La misura si inserisce nel solco degli interventi regionali pensati per rafforzare un comparto che attraversa una fase complessa. Il mercato dell’informazione vive da anni una trasformazione profonda, tra calo delle entrate tradizionali e crescita dei canali digitali. In questo scenario, il sostegno pubblico diventa una leva per accompagnare la transizione e tutelare il pluralismo sul territorio.
Un percorso che, negli ultimi anni, ha visto anche il contributo della Federazione degli Editori Digitali (FED), attiva nel confronto con le istituzioni e nella proposta di criteri di accesso ai fondi più trasparenti e misurabili, con l’obiettivo di valorizzare la qualità dell’informazione, l’innovazione e la stabilità del lavoro giornalistico.
“Editoria essenziale per informare i cittadini e garantire pluralismo”
“L’editoria – dice Schifani – ha un ruolo fondamentale per la vita democratica e, anche in questi giorni di emergenza per la nostra Isola, ha rivelato la sua centralità per una corretta informazione dei cittadini. Il via libera al bando da tre milioni di euro per contributi a fondo perduto è la prova dell’attenzione che il mio governo ha per chi assolve a questa funzione di servizio al pubblico, garantendo un vitale pluralismo di voci e la trasparenza delle informazioni. Inoltre, la misura che abbiamo previsto darà un nuovo slancio alla creazione di nuova occupazione nel settore”.
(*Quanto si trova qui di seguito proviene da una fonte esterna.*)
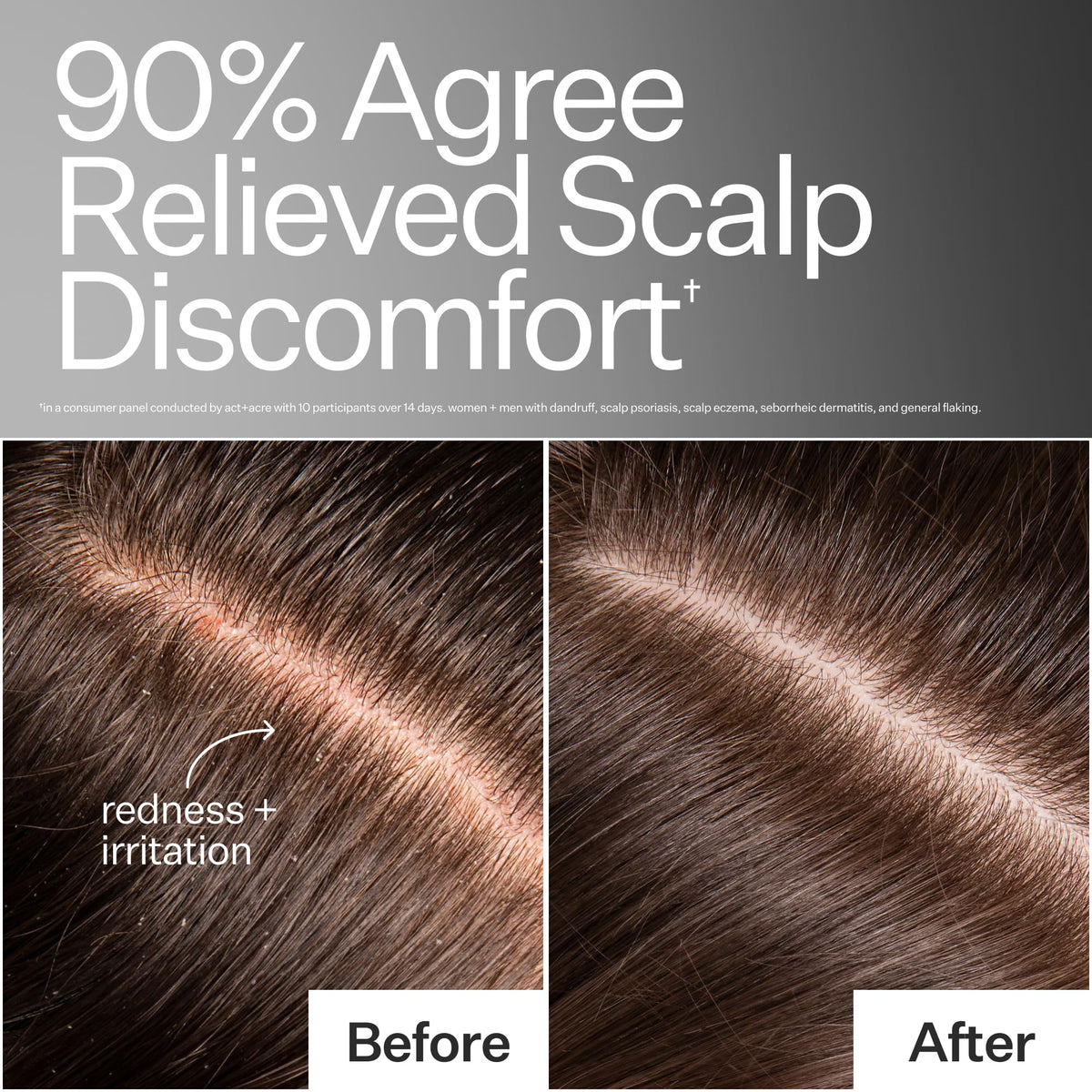 ACT+ ACRE close-up of serum texture highlighting lightweight absorption
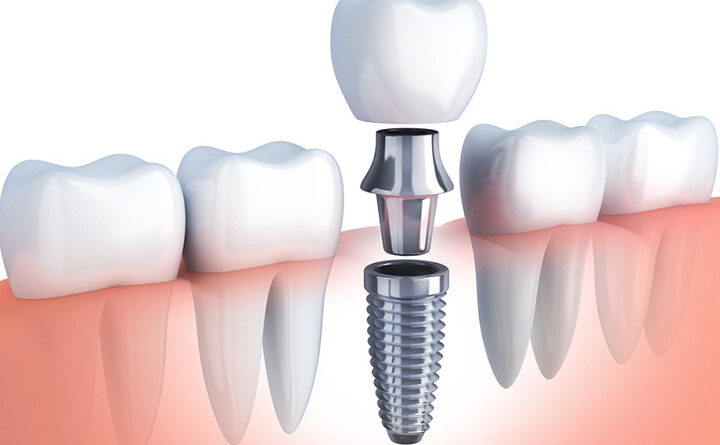 Trồng Implant có dung được vĩnh viễn không?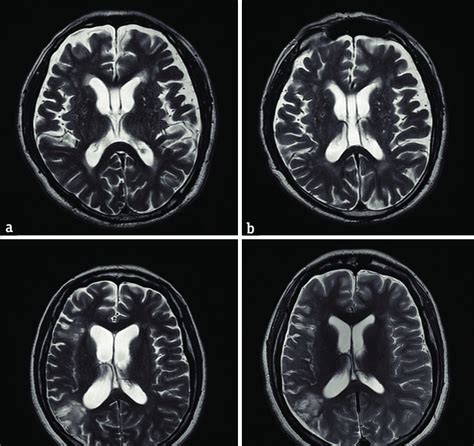 The brain magnetic resonance imaging before the shunt surgery revealed ...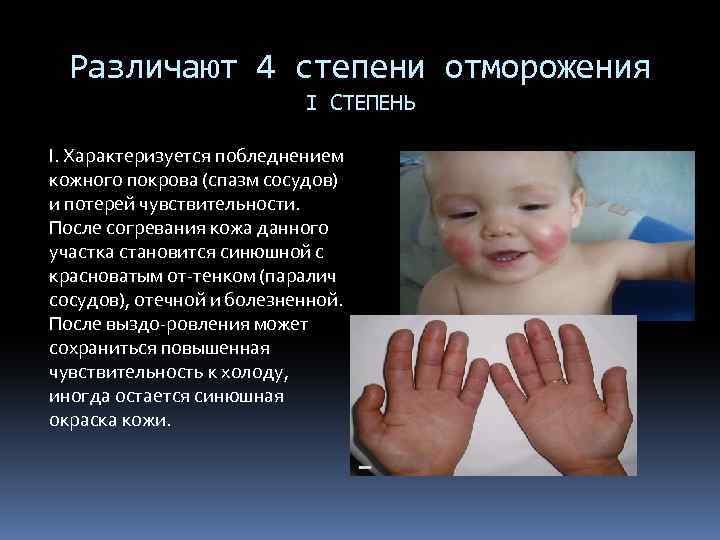 Различают 4 степени отморожения I СТЕПЕНЬ I. Характеризуется побледнением кожного покрова (спазм сосудов) и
Il decreto riprende l’impianto dei bandi degli anni scorsi, adeguandolo alle disposizioni attuative delle nuove norme per l’editoria approvate dall’Ars con la legge di Stabilità 2026-2028.
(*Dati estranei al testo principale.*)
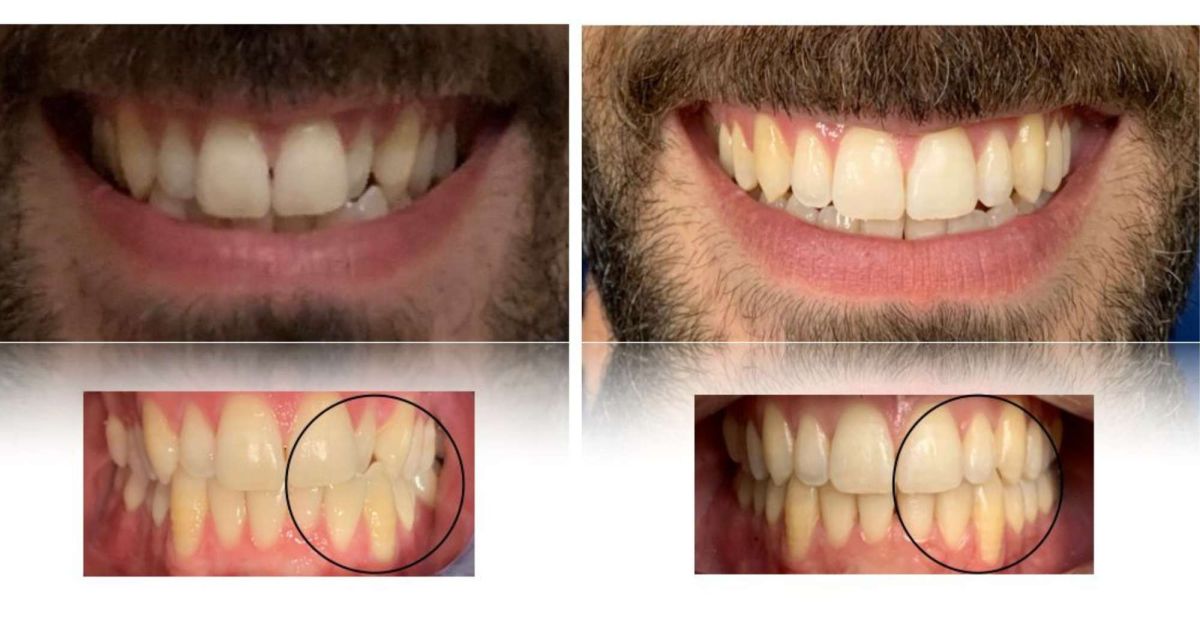 TRATTAMENTO CON ORTODONZIA INVISIBILE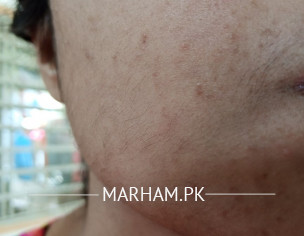 Skin Problem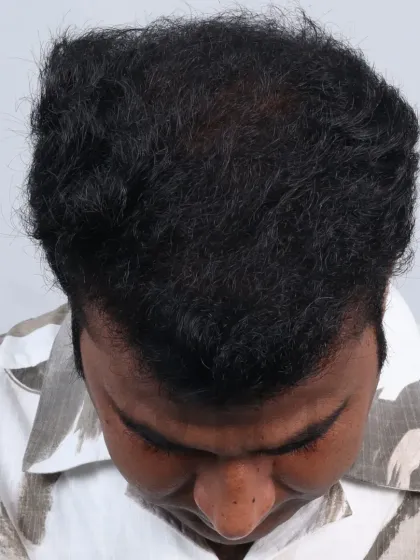 An incredible 5-month result for a diffuse grade 6 case. We used 4500 grafts to cover the frontal hairline, mid-scalp, and crown.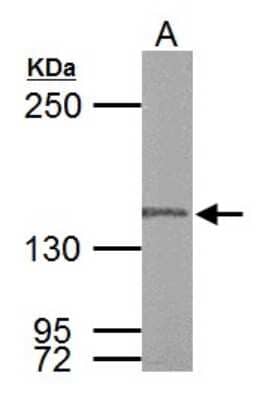 Western Blot: DNA Polymerase gamma Antibody [NBP1-33633]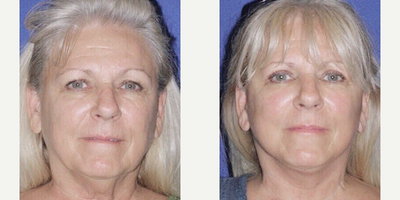 Woman treated with Mini Facelift - Woman treated with Mini Facelift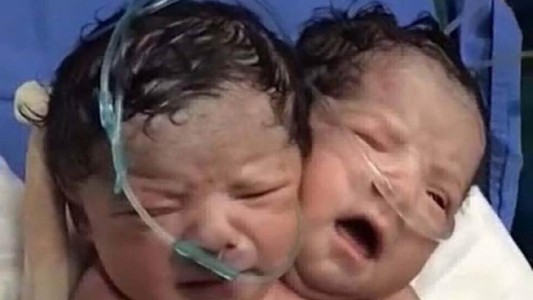 Dolor por la muerte de una de las siamesas "Esmeralda"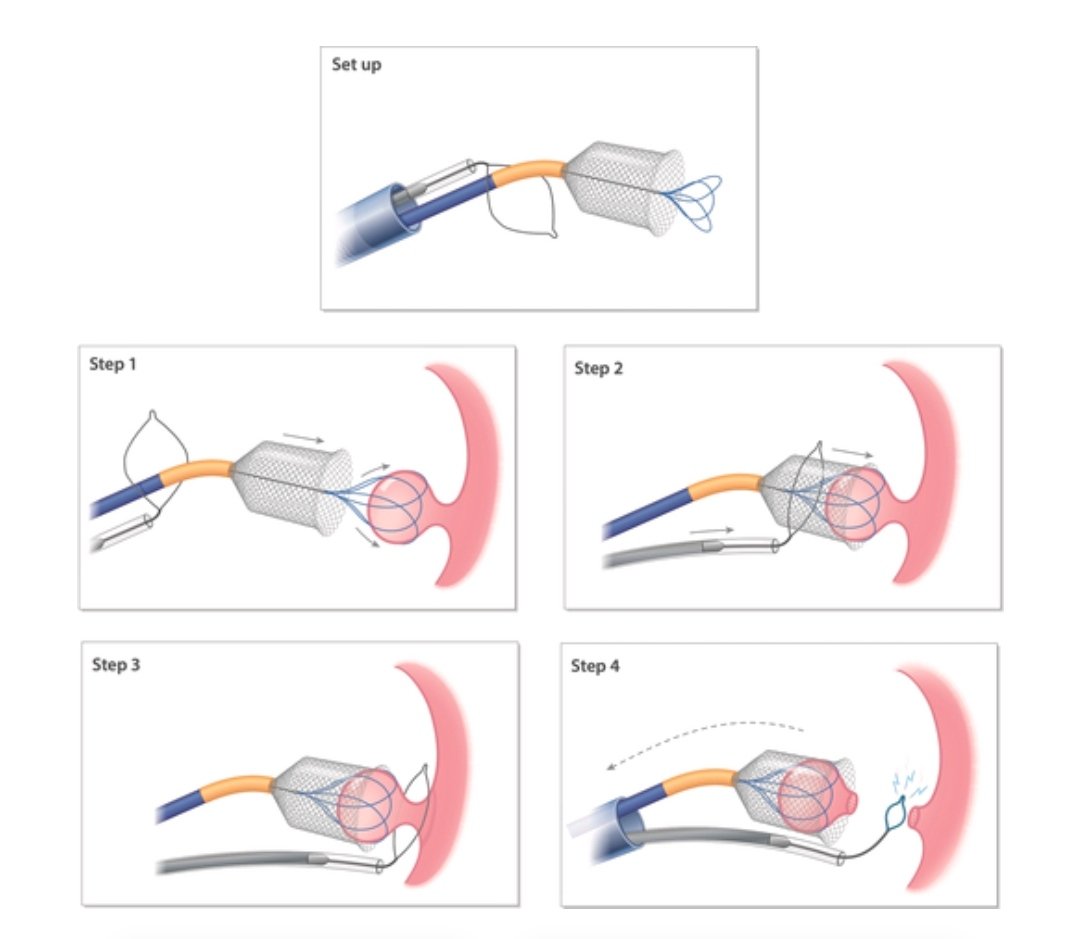 The Simplified Extraction of Atrial Tumor With Targeted Loop Electricity (SEATTLE) Procedure

An alternative to either surgical excision or watchful waiting in patients with small- to medium-sized intracardiac tumors.

By Zachary L. Steinberg et al.
jacc.org/doi/10.1016/j.…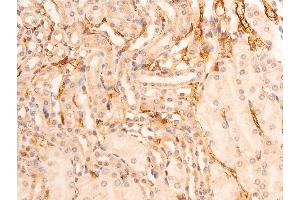 ABIN6267073 at 1/100 staining mouse kidney tissue sections by IHC-P. (CHEK1 anticorps  (pSer280))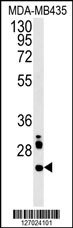 LHPL3 Antibody (C-term) (Cat. #AP5721b) western blot analysis in MDA-MB435 cell line lysates (15ug/lane).This demonstrates the LHPL3 antibody detected the LHPL3 protein (arrow).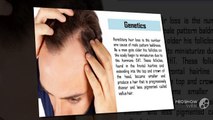 Top 5 Causes Of Male Hair Loss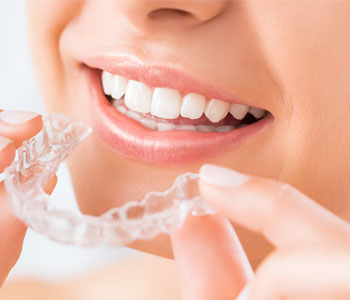 Alpharetta dentist helps his nearby patients understand the costs, reviews, and other considerations of Invisalign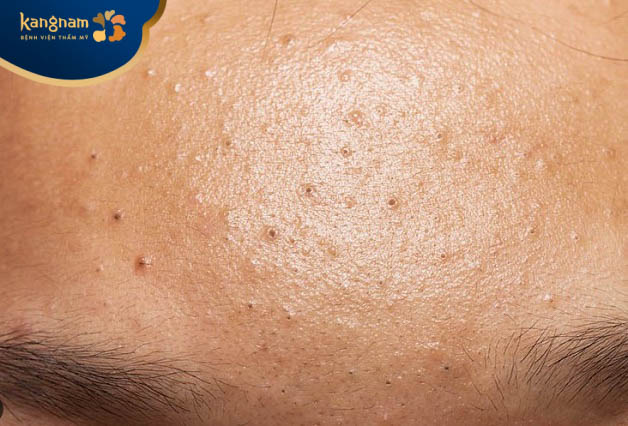 không được tự ý nặn mụn, nhất là khi chưa có kỹ năng, chưa có kiến thức về mụn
“Al termine di un percorso che ha visto una proficua interlocuzione con i rappresentanti delle categorie interessate – afferma l’assessore dell’Economia Alessandro Dagnino – diamo attuazione a una norma fortemente voluta dal governo regionale, confermando il sostegno a un settore strategico. Le risorse stanziate sono orientate a rafforzare la sostenibilità economica delle imprese, a premiare la qualità dell’informazione e a incentivare l’occupazione giornalistica, con particolare attenzione alle testate emergenti e ai percorsi di stabilizzazione del lavoro”.
Criteri e risorse del nuovo bando regionale
Dei tre milioni disponibili, 2,4 milioni andranno alle testate con più di 36 mesi di attività. Nello specifico, è prevista una quota base da 1,76 milioni di euro e una premiale da 640 mila euro che sarà assegnata sulla base di requisiti generici, come il numero di giornalisti assunti a tempo indeterminato in Sicilia, del periodo di attività della testata, e specifici come il numero di lanci, per le agenzie di stampa, il tempo medio di permanenza sulle pagine per le testate online o la presenza sui social media per la diffusione dei contenuti.
Il meccanismo distingue tra una componente stabile e una premiale. La prima garantisce un sostegno strutturale alle realtà già consolidate. La seconda introduce una logica competitiva che punta a valorizzare parametri legati sia alla dimensione del lavoro giornalistico sia alle performance editoriali, soprattutto sul digitale.
Nel punteggio assegnato, la quota relativa al personale assunto avrà un peso del 50 per cento. I restanti 600 mila euro sono destinati alle imprese emergenti, cioè con meno di tre anni di vita e saranno indirizzate, con priorità, a programmi per l’assunzione di giornalisti.
La scelta di attribuire metà del punteggio al personale evidenzia una priorità netta: rafforzare l’occupazione e favorire contratti stabili. E, allo stesso tempo, aprire spazio a chi è entrato da poco nel mercato, con una dotazione dedicata alle testate emergenti e una corsia preferenziale per l’assunzione di giornalisti.
Il decreto approvato oggi sarà trasmesso alla commissione Bilancio dell’Ars.